Error handling for ARI "replaces" conflict

A user of my client, which now has ARI support, recently ran into an issue that resulted in the renewal process trying to create a new order with the replaces field set to a value representing a cert that had already previously been replaced. When this happens, Boulder currently responds with HTTP 409 (Conflict) and this straightforward ACME error body:

{
  "type": "urn:ietf:params:acme:error:conflict",
  "detail": "While validating order as a replacement an error occurred :: cannot indicate an order replaces certificate with serial \"XXXX\", which already has a replacement order",
  "status": 409
}

Regardless of how the client ended up trying to replace the same cert twice, it seems like it should be relatively easy to catch the error and retry the new order without the replaces field (perhaps with a warning to the user about what happened).

I double-checked the current ARI draft-04 and while it does say the server should check for this scenario and reject the order, it doesn't really specify any error codes or types to use, which makes me worry that different implementations will reject duplicates differently and make error-handling more difficult.

Servers SHOULD check that the identified certificate and the New Order request correspond to the same ACME Account, that they share at least one identifier, and that the identified certificate has not already been marked as replaced by a different Order that is not "invalid". Correspondence checks beyond this (such as requiring exact identifier matching) are left up to Server policy. If any of these checks fail, the Server SHOULD reject the new-order request.

I haven't had a chance to check how (or if) Google's implementation handles duplicate replacements, but it seems like the ARI draft could use some additional guidance here, @aarongable. It would be unfortunate if I had to special-case this per-provider because implementation choices diverged.

I also noticed that urn:ietf:params:acme:error:conflict is not listed in the ACME URN namespace for errors and RFC8555 says:

Servers MUST NOT use the ACME URN namespace for errors not listed in the appropriate IANA registry (see Section 9.6)
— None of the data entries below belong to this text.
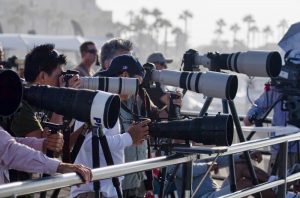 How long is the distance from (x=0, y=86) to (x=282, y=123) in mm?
3117

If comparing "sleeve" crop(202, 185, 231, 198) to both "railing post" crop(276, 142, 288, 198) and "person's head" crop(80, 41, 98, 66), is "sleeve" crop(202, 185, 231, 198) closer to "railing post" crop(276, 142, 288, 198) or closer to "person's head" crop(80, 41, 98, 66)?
"railing post" crop(276, 142, 288, 198)

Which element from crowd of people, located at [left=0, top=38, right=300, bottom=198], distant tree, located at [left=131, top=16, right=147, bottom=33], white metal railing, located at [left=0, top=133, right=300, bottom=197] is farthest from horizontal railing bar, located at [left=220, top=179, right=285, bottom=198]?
distant tree, located at [left=131, top=16, right=147, bottom=33]

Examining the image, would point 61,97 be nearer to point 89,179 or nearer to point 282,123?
point 89,179

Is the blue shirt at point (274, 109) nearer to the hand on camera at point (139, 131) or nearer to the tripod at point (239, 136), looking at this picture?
the tripod at point (239, 136)

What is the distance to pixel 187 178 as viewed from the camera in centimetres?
307

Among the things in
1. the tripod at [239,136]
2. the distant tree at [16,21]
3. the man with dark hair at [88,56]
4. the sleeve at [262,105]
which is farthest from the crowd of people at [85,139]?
the distant tree at [16,21]

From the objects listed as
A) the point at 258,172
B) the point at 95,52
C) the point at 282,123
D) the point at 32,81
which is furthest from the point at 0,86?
the point at 95,52

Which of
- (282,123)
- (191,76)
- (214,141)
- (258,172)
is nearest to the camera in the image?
(214,141)

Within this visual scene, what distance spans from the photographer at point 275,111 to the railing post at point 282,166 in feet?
2.55

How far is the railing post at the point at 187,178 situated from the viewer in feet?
9.97

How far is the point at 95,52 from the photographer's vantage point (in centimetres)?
707

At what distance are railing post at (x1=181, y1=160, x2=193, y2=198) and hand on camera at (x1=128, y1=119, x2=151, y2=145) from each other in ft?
0.88

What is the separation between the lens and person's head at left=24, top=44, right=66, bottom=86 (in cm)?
317

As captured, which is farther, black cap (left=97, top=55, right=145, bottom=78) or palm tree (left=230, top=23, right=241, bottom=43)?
palm tree (left=230, top=23, right=241, bottom=43) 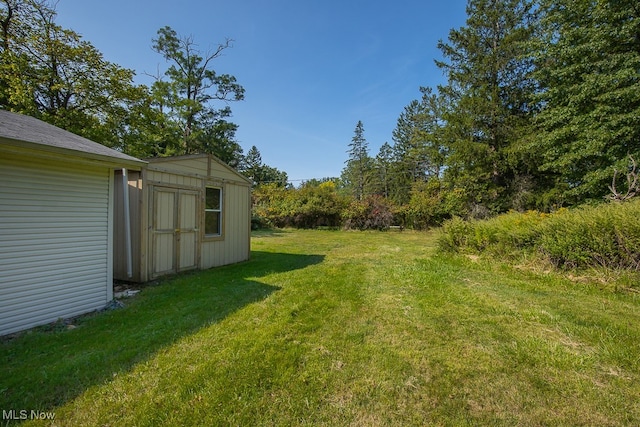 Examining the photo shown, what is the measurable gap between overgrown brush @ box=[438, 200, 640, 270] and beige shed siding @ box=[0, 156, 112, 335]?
26.0ft

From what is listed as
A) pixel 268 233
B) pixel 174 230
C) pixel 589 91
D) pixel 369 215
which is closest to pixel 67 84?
pixel 174 230

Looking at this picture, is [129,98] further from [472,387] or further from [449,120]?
[449,120]

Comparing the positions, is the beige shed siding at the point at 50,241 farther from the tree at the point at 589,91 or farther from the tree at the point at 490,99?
the tree at the point at 490,99

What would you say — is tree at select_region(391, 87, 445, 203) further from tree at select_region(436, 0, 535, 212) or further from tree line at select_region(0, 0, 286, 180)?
tree line at select_region(0, 0, 286, 180)

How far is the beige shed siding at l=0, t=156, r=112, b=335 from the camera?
9.51 feet

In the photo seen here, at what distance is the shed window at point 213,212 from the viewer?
20.6 feet

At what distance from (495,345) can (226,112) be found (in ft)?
70.4

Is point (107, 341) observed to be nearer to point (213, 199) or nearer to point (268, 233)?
point (213, 199)

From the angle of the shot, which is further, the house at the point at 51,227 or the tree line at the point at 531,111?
the tree line at the point at 531,111

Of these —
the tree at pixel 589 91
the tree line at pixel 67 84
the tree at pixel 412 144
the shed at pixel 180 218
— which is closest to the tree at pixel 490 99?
the tree at pixel 589 91

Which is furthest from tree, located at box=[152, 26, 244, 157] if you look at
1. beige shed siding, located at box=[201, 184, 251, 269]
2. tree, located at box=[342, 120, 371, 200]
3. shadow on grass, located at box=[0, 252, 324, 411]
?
tree, located at box=[342, 120, 371, 200]

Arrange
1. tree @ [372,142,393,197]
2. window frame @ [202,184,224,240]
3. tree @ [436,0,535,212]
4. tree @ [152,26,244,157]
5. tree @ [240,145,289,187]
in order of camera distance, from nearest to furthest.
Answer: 1. window frame @ [202,184,224,240]
2. tree @ [436,0,535,212]
3. tree @ [152,26,244,157]
4. tree @ [372,142,393,197]
5. tree @ [240,145,289,187]

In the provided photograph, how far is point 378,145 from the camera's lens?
35094 millimetres

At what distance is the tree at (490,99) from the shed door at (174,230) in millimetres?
14670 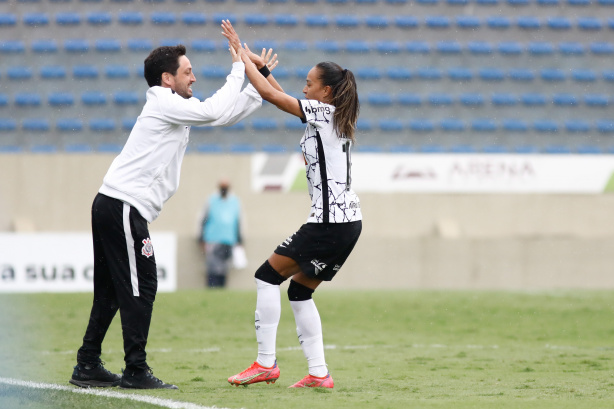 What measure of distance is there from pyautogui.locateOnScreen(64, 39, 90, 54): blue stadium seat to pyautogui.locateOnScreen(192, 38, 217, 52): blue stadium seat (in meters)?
1.90

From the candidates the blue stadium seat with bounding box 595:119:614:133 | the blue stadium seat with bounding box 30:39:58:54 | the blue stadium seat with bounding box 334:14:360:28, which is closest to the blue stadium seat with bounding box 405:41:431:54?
the blue stadium seat with bounding box 334:14:360:28

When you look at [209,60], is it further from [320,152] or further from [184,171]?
[320,152]

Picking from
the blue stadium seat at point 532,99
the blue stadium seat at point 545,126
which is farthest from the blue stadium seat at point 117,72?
the blue stadium seat at point 545,126

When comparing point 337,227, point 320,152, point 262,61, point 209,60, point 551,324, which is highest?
point 209,60

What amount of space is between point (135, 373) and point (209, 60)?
12.4 meters

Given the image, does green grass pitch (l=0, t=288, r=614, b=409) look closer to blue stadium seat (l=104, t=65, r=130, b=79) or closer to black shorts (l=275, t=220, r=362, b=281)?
black shorts (l=275, t=220, r=362, b=281)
I'm not sure what the process is to expand the namespace or whether it might already be in progress, but that should probably happen as well.

9 Likes

Yes, agree it maybe need more explicit definition as noted on my previous comments on ARI implementations - #8 by webprofusion

I feel that "replaces" is a courtesy to the CA, so failing the order seems unnecessary and error prone.

6 Likes

I've also been bitten by this in my tests some time ago (haven't managed to continue working on this yet). This can be prevented by disabling the authzs for the failed previous order before starting a new order, but obviously that has some downsides as well, and depending on the error (maybe the ACME client crashed and didn't store the order URL somewhere) the order URL isn't available (and Let's Encrypt doesn't allow to list orders). So having more specific error codes for this would indeed be extremely helpful for client development!

6 Likes

Yes, this is tracked in Return HTTP 409 "Conflict" when the certificate identified by 'replaces' has already been replaced · Issue #56 · aarongable/draft-acme-ari · GitHub and was discussed at IETF 120; I just haven't updated the latest version of the document yet.

7 Likes

Awesome. I figured it was being handled. Just wanted to make sure.

4 Likes